Lelyveld's success at the Times hearkens back to 1962, when he started building constituencies as a copy boy. Later he served as a foreign correspondent, Washington correspondent, foreign editor, and lastly did time as Max Frankel's managing editor. As a politician, Lelyveld is a benevolent ward heeler. Raines got to the Times relatively late—1978—and never worked inside the 43rd Street newsroom proper until he became executive editor in 2001. Wherever Raines actually ran the show—the editorial page or the Washington bureau—his managerial scale was small. Either by design or accident, he never established much in the way of political capital or a Times constituency—outside of Publisher Arthur Sulzberger Jr.—before becoming editor.

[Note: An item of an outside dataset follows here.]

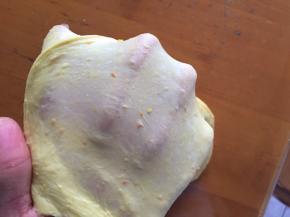 直到揉出手套膜即可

As a politician—and temperamentally—Raines is a dictator. Dictators can be good editors. But when he took over from Lelyveld in 2001, he earned the staff's immediate enmity by centralizing the operation that Lelyveld had so carefully decentralized, consolidating power in his "troika" with Managing Editor Gerald Boyd and Assistant Managing Editor Andrew Rosenthal. The remaining assistant managing editors and section editors lost their autonomy, becoming short-order cooks who prepared whatever the troika requested. Raines stupidly undercut the "Business" and "Sports" sections by telling them how weak he thought they were.
Raines went on to eviscerate the paper's investigative unit, ditching stories that take time and patience to mature in favor of "flooding the zone" with coverage every time a 9/11 or Enron or shuttle or war story appeared. Flooding the zone, of course, leaves the paper drained during non-crisis periods.
In remaking the Times, Raines erected a divide in which he pampered his favorites, including Bragg, Patrick E. Tyler, R.W. Apple Jr., Steven Weisman, Elisabeth Bumiller, Alex Kuczynski, Alessandra Stanley, Douglas Jehl, Felicity Barringer, and David Barstow. Of course, every newspaper has a star system, but Times staffers began to complain that not everybody on Raines' list had gotten there by merit. The same management style drove away at least a dozen (and rising) talented people who preferred hitting the highway to doing it Howell's way: Stephen Engelberg, Melinda Henneberger, Sam Howe Verhovek, Kevin Sack, Michalene Busico, Dean Baquet, Ilene Rosenzweig, Doug Frantz, Buster Olney, Rick Flaste, Tim Golden, and Rick Marin. [Correction, June 4, 2003: Dean Baquet left the New York Times in 2000, before Howell Raines became executive editor in 2001, so he should not have been listed as one of the journalists who departed after Raines' ascension.]
By the time the twin plagues of Blair and Bragg arrived, Raines was so isolated from his own people that the anger heaved on him at the Times employee "town hall" discussion convened for staffers after the Jayson Blair exposé stunned him. Joe Sexton spoke for the paper when he told Raines and Sulzberger, "You guys have lost the confidence of much of the newsroom."